The main eating crow meanings are
- To be humiliated or shamed
- To be badly embarrassed by being incorrect about something you stood for strongly
- To be forced to act in a humble way after making a mistake.
- To admit you are wrong.
- To accept you have been defeated or are incorrect.
Why a crow of all animals? Perhaps this is because it is not known as a delicious food source, quite the opposite. Crows are also known to eat all kinds of carrion and dead things – As opposed to cattle eating grass this is not something western thinking associates with fine dining. For most people, there is something quite disgusting about the very idea of eating crow. Throughout history, crows have been associated with death, war and plague.
There is more to this in the history of the idiom which we will get to later.
Idioms similar to the eating crow meaning
To have egg on your face also means to be embarrassed by your actions or words and to look ridiculous or like a fool.
To eat dirt can mean to suffer humiliation or insults, usually without complaint. It can also mean to feel foolish or having a sense of regret about something you said. This can also be said as – to eat your words.
To eat humble pie is to act in a humble way after it has been proven you are wrong.
Example sentences with eat crow
He told his wife he could buy food at a much cheaper rate than her. He ended up spending more money than her at the market and had to go home and eat crow.
The other students said he wasn’t very clever but he aced the exam and made them eat crow.
She bragged her team was the best in the league but she had to eat crow when they lost the final game.
After being wrong about who stole from the shop, the manager had to eat crow and apologize to his employee.
After getting the advertising campaign completely wrong the company is SEO sitting in his office eating crow.
History of the eating crow meaning
There seem to be two main stories from the 1800s that can lay claim to the origin of the idiom to “eat crow”
The first story was published in several newspapers in the USA in 1850 – A farmer in Lake Mahopac, New York leased rooms and had boarding for people on his property with meals. After many complaints about the sub-standard food, the farmer took offence claiming it wasn’t that bad and that he could eat almost anything. One of the boarders bet him a hat that he couldn’t eat a crow.
A crow was indeed caught and cooked up for the farmer which the boarders cheekily seasoned with a kind of scotch tobacco to make it taste as bad as possible. The farmer unhappily ate the crow while grimacing and nearly vomiting to prove his point.

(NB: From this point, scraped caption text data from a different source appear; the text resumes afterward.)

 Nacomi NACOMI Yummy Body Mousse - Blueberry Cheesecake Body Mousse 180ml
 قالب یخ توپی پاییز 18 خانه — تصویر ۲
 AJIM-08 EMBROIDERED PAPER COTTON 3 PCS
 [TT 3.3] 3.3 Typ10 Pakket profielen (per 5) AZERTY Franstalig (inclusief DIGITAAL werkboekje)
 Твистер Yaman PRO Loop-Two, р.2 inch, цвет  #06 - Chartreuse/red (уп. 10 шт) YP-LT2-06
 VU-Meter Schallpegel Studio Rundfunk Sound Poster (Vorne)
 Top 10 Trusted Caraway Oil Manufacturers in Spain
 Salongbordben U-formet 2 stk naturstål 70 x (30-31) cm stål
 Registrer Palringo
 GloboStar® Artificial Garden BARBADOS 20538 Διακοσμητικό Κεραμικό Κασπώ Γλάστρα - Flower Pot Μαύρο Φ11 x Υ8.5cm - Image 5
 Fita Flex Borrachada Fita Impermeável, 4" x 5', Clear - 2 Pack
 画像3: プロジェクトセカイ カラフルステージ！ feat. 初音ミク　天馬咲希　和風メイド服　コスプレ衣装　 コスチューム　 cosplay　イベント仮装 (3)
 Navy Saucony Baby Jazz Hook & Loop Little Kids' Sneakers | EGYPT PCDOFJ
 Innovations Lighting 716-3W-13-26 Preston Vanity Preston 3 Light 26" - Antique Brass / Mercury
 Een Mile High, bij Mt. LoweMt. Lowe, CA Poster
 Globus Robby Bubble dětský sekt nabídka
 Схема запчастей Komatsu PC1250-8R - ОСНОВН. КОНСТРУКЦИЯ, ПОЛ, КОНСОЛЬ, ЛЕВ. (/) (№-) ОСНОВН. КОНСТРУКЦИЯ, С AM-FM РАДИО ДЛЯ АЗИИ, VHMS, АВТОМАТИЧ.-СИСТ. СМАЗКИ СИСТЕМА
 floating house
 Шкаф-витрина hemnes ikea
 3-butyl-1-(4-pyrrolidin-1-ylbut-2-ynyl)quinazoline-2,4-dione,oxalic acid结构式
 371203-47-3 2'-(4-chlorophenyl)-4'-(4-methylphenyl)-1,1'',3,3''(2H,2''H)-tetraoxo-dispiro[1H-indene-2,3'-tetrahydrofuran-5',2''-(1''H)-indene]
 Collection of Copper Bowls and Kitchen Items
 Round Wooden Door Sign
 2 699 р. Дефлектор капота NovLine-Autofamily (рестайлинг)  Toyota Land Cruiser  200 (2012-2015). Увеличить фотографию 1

The farmer was humiliated by eating the crow that they deliberately made to taste disgusting.
The second story occurs earlier in 1812 during the war between the United States and Great Britain. The tale is that an American soldier was hunting for food and accidentally went behind enemy lines and was met by a British soldier. The British soldier managed to get the American soldier’s gun and at that point forced him to take a bite out of a crow he had caught.
Once receiving his weapon back, the American soldier then turned it on the Brit and forced him to eat some of the crow as well!